= Material for this exercise =
──────────
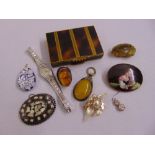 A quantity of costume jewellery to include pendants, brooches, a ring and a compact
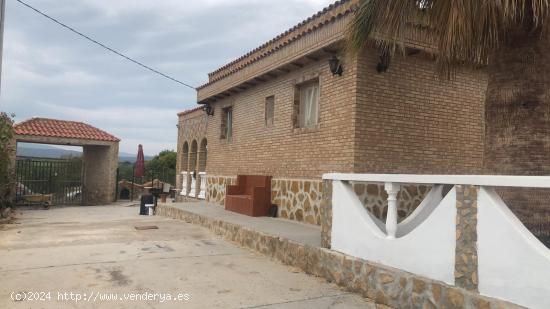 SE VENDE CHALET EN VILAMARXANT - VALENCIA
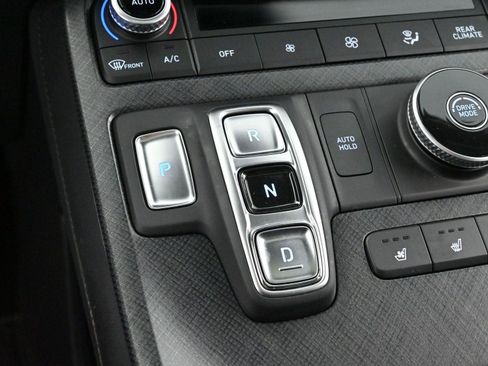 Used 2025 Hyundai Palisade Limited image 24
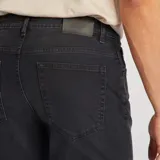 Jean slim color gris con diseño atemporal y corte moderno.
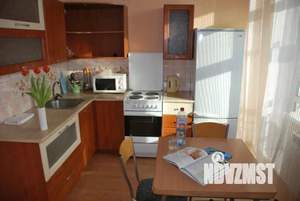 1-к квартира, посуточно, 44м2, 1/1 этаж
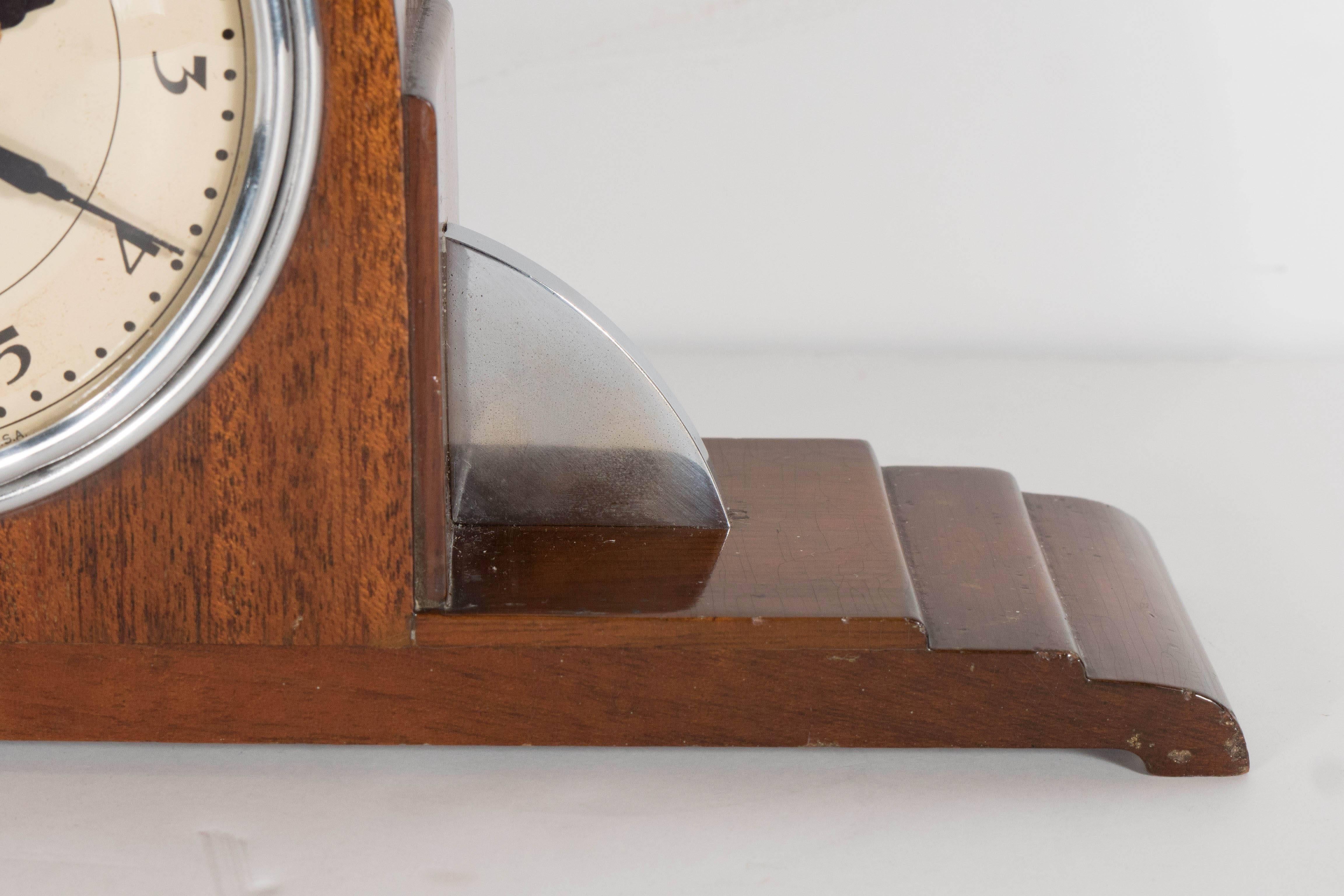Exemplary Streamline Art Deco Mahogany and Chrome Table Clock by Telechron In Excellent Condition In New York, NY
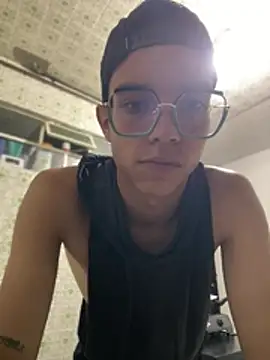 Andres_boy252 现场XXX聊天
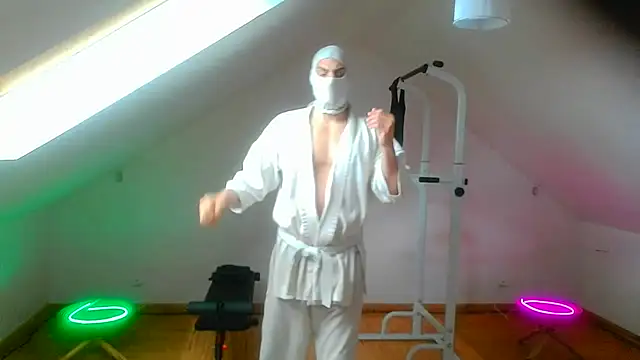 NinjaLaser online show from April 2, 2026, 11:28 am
──────────
In your answer, repeat the material above in full, exactly, and without its pictures.

 A quantity of costume jewellery to include pendants, brooches, a ring and a compact
 SE VENDE CHALET EN VILAMARXANT - VALENCIA
 Used 2025 Hyundai Palisade Limited image 24
 Jean slim color gris con diseño atemporal y corte moderno.
 1-к квартира, посуточно, 44м2, 1/1 этаж
Exemplary Streamline Art Deco Mahogany and Chrome Table Clock by Telechron In Excellent Condition In New York, NY
 Andres_boy252 现场XXX聊天
 NinjaLaser online show from April 2, 2026, 11:28 am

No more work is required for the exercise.